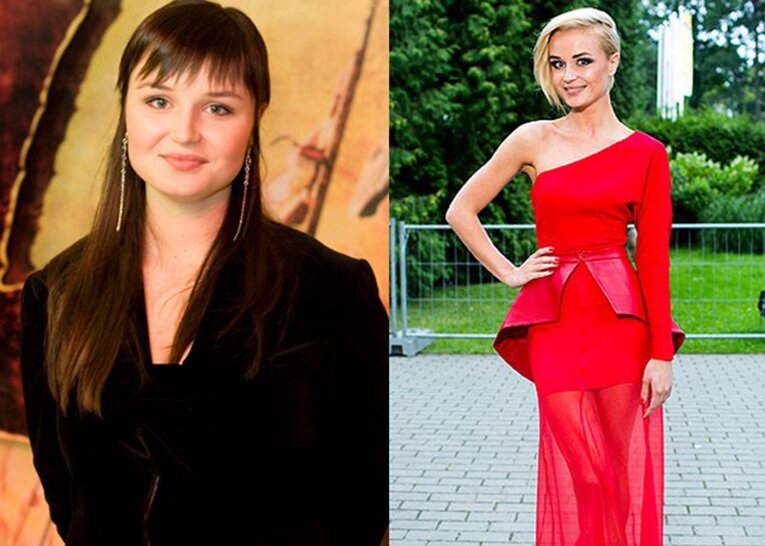 Полина гагарина до похудения и после пластики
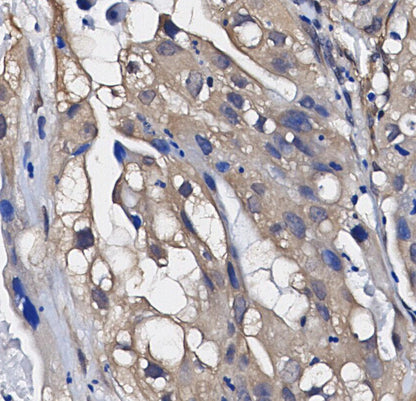 Phospho-eIF2α (Ser51) Antibody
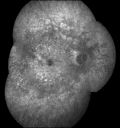 cuticularequatorialdrusen33.jpg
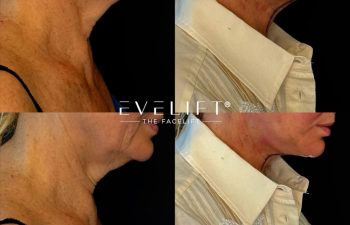 female patient before and after EVELIFT®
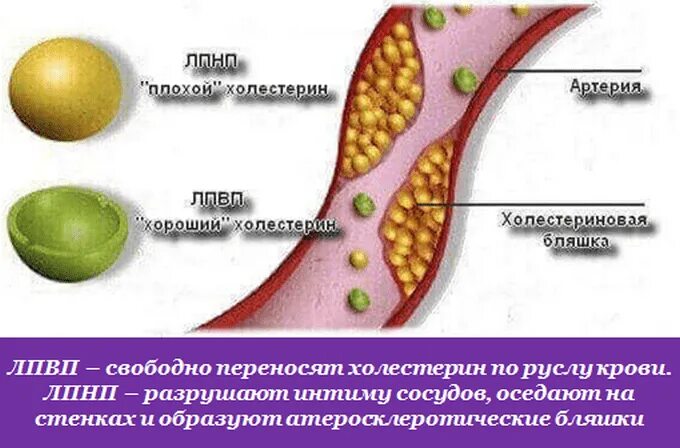 Низкий холестерин низкой плотности в крови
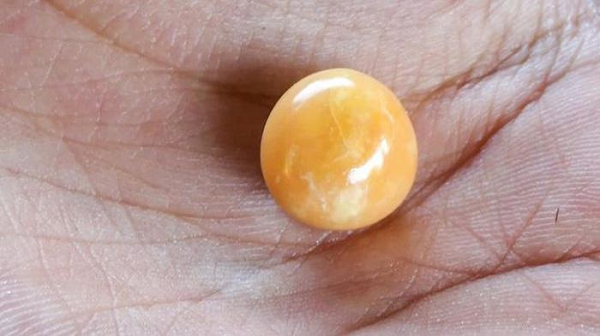 Nhưng cô gái nghèo sau đó ngạc nhiên khi nhận ra đây thực chất là một viên ngọc trai Melo có đường kính 1,5 cm, nặng 6 gram. Viên ngọc ốc này có thể có giá lên tới hàng chục nghìn bảng Anh (tương đương hàng trăm triệu đồng).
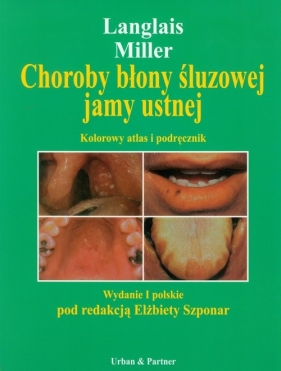 Choroby błony śluzowej jamy ustnej - Langlais Robert P., Miller Craig S.<br />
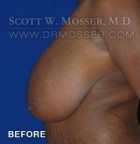 Breast Reduction Patient 70589 Before Photo Thumbnail # 5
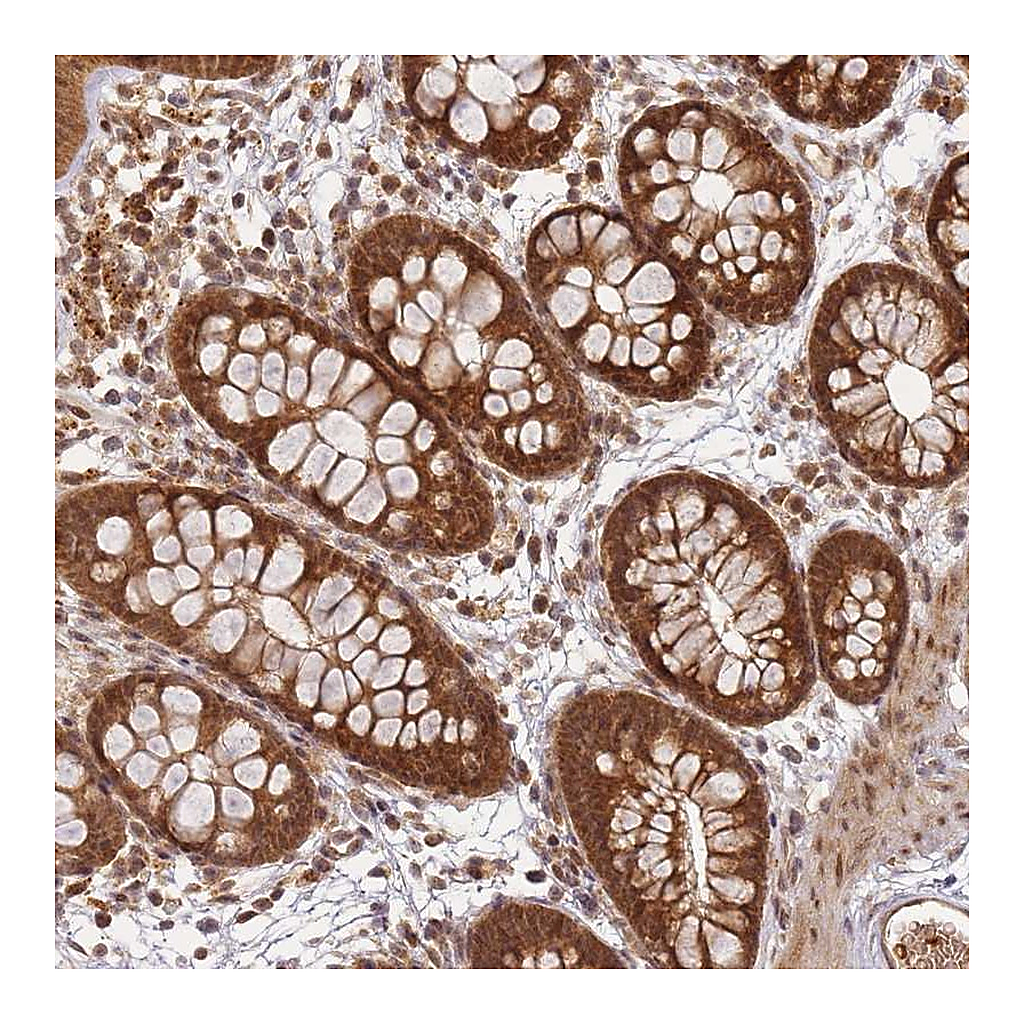 Atlas Antibodies Anti-ZNF497 Antibody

Your goal = Retype, word for word, only the line holding "Breast Reduction Patient" and the lines after it through the final line of the listing above, and leave every picture out.

Task result =
 Breast Reduction Patient 70589 Before Photo Thumbnail # 5
 Atlas Antibodies Anti-ZNF497 Antibody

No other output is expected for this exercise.